An example of a collaborator is Greg Chung, a Chinese national and former Boeing employee who hoarded documents relating to the space shuttle program to send them back to China. Corporate espionage is also prevalent with collaborators as in the case of Uber and Waymo. Uber hired a Waymo engineer who was in possession of confidential and proprietary self-driving car technology and allegedly used it on their self-driving car project.
Lone Wolf
Lone wolves are entirely independent and act maliciously without external influence or manipulation. Lone wolves are especially dangerous when they have elevated levels of privilege, such as system administrators or DB admins. A classic example of a lone wolf is Edward Snowden, who used his access to classified systems to leak information relating to cyber espionage at the NSA.
How to Fight Insider Threats: Creating a Detection Plan
To effectively detect insider threats, organizations should first close visibility gaps by aggregating security data into a centralized monitoring solution whether that be a security information and event management (SIEM) platform or standalone user and entity behavior analytics (UEBA) solution.
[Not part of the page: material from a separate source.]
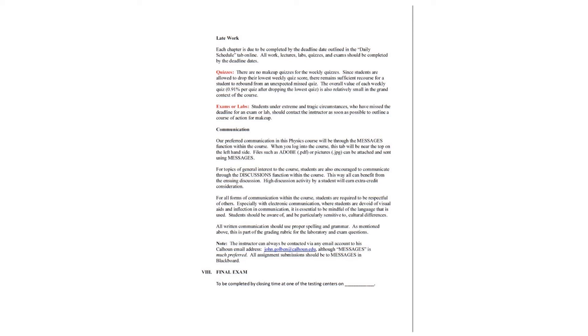Exams or labs. Students under extreme and tragic circumstances who have missed the deadline for an exam or lab should contact the instructor as soon as possible to outline a course of action for makeup.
Many teams begin with access, authentication and account change logs then broaden the scope to additional data sources such as virtual private network (VPN) and endpoint logs as insider threat use cases mature.
Once the information has been centralized, user behavior can be modeled and assigned risk scores tied to specific risky events, such as user geography changes or downloading to removable media. With enough historical data, a baseline of normal behavior can be created for each individual user. This baseline indicates the normal operating state of a user or machine so that deviations in this activity can be flagged as abnormal. Deviations should be tracked not only for a specific user but also compared to other users in the same location, with the same job title or job function.
Behavioral anomalies help security teams identify when a user has become a malicious insider or if their credentials have been compromised by an external attacker. Assigning risk scores also gives security operations center (SOC) teams the ability to monitor risk across the enterprise whether it be creating watch lists or highlighting the top risky users in their organization. By adopting a user-focused view, security teams can quickly spot insider threat activity and manage user risk from a centralized location instead of manually piecing disparate data points that individually may not show the full picture.
There are several types of insider threats that organizations should be aware of and each presents different symptoms for security teams to diagnose. By understanding the motivations of attackers, security teams can be more proactive in their approach to insider threat defense.